On sait que le programme syrien d’armes chimiques est le plus important du Proche-Orient et qu’il est sans doute le plus important du monde. Ce pays a développé l’ensemble des moyens nécessaires à la fabrication et à la dissémination d’agents chimiques. On sait que la Syrie dispose de plusieurs centaines de tonnes d’agents chimiques, et notamment de la dernière génération d’armes chimiques que sont les neurotoxiques. On sait également que ce pays a progressivement constitué un robuste arsenal de dissémination de ces agents chimiques; qu’il posséde en nombre obus, roquettes et missiles. On a connaissance de la plupart des sites de stockage syriens.

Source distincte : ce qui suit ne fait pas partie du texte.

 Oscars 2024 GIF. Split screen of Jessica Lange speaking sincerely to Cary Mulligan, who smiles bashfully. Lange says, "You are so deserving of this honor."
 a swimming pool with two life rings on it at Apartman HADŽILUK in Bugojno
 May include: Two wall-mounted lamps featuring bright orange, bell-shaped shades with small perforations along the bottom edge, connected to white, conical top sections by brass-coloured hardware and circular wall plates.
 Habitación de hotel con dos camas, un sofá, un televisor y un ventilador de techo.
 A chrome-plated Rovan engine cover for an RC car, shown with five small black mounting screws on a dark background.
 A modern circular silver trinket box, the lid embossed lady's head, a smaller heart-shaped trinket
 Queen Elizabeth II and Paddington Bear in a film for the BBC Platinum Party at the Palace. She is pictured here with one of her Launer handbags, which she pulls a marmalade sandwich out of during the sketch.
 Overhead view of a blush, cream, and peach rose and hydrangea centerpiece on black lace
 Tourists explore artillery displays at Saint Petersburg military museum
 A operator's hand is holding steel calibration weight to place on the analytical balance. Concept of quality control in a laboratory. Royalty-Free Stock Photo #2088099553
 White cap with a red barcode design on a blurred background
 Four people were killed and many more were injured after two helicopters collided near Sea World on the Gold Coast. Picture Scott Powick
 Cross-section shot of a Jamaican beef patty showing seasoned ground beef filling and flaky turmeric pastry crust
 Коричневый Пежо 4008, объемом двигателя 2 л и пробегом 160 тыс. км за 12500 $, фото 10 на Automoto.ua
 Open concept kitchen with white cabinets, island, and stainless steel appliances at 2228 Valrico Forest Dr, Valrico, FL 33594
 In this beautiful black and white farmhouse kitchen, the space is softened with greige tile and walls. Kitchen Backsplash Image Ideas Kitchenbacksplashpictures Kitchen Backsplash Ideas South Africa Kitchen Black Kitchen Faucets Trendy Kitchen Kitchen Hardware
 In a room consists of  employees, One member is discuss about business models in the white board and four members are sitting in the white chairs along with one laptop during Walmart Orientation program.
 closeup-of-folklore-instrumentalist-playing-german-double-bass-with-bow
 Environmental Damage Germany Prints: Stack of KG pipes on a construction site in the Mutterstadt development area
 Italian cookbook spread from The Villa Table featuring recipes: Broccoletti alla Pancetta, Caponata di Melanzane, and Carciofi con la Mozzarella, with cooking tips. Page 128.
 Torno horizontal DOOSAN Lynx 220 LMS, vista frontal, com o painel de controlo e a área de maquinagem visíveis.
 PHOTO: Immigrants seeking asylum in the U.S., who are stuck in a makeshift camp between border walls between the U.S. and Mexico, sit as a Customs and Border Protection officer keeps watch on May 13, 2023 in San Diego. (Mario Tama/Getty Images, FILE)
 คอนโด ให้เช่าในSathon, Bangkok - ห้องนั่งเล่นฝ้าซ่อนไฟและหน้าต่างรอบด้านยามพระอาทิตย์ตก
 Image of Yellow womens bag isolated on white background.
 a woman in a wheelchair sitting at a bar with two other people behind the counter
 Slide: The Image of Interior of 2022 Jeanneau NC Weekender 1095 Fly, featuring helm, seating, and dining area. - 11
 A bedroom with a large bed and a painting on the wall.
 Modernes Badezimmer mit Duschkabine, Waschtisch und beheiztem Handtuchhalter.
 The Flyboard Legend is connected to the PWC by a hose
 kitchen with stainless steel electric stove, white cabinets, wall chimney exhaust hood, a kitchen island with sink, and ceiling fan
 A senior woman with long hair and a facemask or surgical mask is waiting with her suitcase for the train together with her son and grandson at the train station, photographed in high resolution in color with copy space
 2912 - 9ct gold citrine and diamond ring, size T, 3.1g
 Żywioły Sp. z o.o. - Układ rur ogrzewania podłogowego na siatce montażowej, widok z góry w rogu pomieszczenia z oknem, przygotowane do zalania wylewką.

«Le programme syrien d’armes chimiques est sans doute le plus important du monde»

Olivier Lepick

Mais il n’existe aucun document officiel syrien, puisque Damas n’a pas ratifié la Convention sur les armes chimiques de 1993?

C’est vrai. La Syrie n’a jamais reconnu posséder des armes chimiques. Mais elle est en train de le faire implicitement en participant à la proposition russe. Le premier pas que devrait effectuer le régime de Damas serait d’ailleurs de ratifier cette convention interdisant la fabrication, le stockage des armes chimiques, et ordonnant leur destruction sous contrôle international.

Olivier Lepick, en 2001.

Qui est le plus à même de mener cette opération de stockage et destruction de l’arsenal chimique syrien?

L’organisation pour l’interdiction des armes chimiques (OIAC en français, OPCW en anglais), qui dispose d’un corps d’inspecteurs internationaux habilités à faire respecter les termes de la convention de 1993. Il faut leur permettre de se déployer sur le sol syrien, sans doute en compagnie de personnels des Nations unies, pour commencer à recenser l’arsenal chimique de Damas. Il va de soi que l’OIAC comme l’ONU vont exiger que les conditions de sécurité de leurs personnels soient assurées, ce qui ne sera pas facile en pleine guerre civile…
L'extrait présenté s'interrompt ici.